Liesel, a nine-year-old girl, is living with a foster family on Himmel Street. Her parents have been taken away to a concentration camp. Liesel steals books. This is her story and the story of the inhabitants of her street when the bombs begin to fall.
SOME IMPORTANT INFORMATION – THIS NOVEL IS NARRATED BY DEATH
The subject of this novel was of interest to me. I have read lots of books set during World War II but most have been from the point of view of the British, Americans or Europeans resisting the Germans, some have been about the Jews having to cope with the horrors thrust on them, only one has been through the eyes of a person living in Germany and trying to make sense of what was happening around them. The Book Thief is about Liesel, a young girl growing up in the wartime in Germany and this made it fascinating, quite aside from the interest in why she was a book thief or why Death himself was narrating the story.
Therefore, and I feel compelled to be honest here, it was a bit of a disappointment when it took me a little while to really get into this. Maybe I wasn’t in the right mood!
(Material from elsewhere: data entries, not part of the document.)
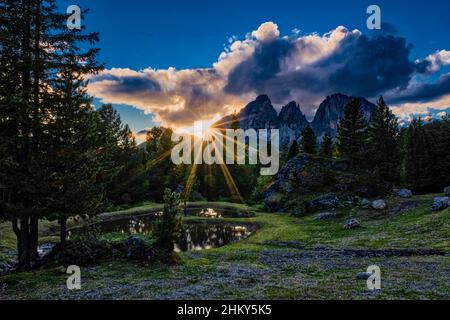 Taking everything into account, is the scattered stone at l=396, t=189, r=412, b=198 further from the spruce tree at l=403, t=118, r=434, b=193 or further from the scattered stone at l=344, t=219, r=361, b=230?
the scattered stone at l=344, t=219, r=361, b=230

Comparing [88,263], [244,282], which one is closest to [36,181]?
[88,263]

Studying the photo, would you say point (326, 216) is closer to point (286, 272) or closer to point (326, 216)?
point (326, 216)

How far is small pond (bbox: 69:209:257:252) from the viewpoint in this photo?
3669 cm

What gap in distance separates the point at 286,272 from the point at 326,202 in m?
33.4

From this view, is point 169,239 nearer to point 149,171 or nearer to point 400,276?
point 400,276

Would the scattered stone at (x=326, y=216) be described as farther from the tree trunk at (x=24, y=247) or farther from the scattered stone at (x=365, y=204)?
the tree trunk at (x=24, y=247)

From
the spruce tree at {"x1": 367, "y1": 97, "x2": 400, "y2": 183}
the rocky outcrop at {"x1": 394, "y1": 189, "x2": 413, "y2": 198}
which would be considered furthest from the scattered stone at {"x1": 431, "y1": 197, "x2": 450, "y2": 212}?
the spruce tree at {"x1": 367, "y1": 97, "x2": 400, "y2": 183}

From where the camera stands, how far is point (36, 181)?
64.4 ft

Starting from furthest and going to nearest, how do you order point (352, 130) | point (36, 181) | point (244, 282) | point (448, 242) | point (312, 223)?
point (352, 130) < point (312, 223) < point (448, 242) < point (36, 181) < point (244, 282)

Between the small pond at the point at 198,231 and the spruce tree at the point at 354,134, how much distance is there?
1032 inches

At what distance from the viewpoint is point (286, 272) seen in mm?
19672

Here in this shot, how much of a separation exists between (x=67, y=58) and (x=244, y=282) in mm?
19572

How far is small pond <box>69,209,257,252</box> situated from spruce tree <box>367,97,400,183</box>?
29197 mm

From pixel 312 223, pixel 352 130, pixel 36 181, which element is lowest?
pixel 312 223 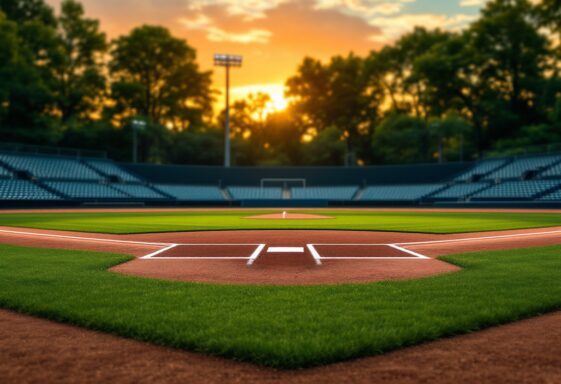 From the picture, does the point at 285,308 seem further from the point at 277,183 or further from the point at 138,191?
the point at 277,183

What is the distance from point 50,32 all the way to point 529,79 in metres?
71.9

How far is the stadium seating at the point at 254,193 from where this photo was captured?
57.4 meters

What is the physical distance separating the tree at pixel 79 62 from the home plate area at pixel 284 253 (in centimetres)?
6192

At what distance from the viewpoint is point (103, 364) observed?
4113 mm

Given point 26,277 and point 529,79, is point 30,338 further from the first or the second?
point 529,79

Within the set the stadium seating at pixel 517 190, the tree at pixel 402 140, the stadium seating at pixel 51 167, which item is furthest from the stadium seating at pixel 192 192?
the tree at pixel 402 140

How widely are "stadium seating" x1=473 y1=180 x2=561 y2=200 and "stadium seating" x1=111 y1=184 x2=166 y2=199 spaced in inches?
1429

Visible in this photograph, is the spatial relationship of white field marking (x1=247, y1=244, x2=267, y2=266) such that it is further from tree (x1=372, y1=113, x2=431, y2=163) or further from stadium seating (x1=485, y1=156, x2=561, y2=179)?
tree (x1=372, y1=113, x2=431, y2=163)

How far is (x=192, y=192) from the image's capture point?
55969 mm

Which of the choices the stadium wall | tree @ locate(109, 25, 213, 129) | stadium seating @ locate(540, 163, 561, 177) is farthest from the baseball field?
tree @ locate(109, 25, 213, 129)

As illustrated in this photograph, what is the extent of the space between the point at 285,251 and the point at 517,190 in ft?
130

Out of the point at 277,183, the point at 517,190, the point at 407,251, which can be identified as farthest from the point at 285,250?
the point at 277,183

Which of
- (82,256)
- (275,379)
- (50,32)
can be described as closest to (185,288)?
(275,379)

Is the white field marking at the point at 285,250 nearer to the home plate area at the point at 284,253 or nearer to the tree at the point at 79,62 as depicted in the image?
the home plate area at the point at 284,253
I found it hard to get to like our protagonist Liesel, despite her plight, (she loses her brother and mother and is fostered into a new, harsh family early on in the novel), however as I got to know her, and her new family I got drawn in.
From the beginning I was interested in the narration. The voice of Death as a storyteller and as a character is quirky to say the least, and the pictures painted in his sections are very evocative. It is evident that the war period is going to be a busy time for Death and he is ideally placed to comment on what is going on all around him. As an overseer he gets the big picture and can comment on the lives of Liesel and those that live with her and around her.
Liesel’s is a story of growing up in pre-war and wartime Germany, a time of tension, fear and suspicion, at least if you were unsure about Nazism and didn’t want to be a part of what was happening. As her father was a communist Liesel has been sent away to a new home, a place of safety. She has to learn about a new family, a new neighbourhood and a new Germany. There are tough times, food shortages and job difficulties for Liesel’s new father, work is hard to find if you are not thought to be sympathetic to the cause. It is hard to get by and live up to your conscience. Liesel also has to cope with finding friends, standing up for herself, proving herself and all the other things that would normally affect a teenage girl.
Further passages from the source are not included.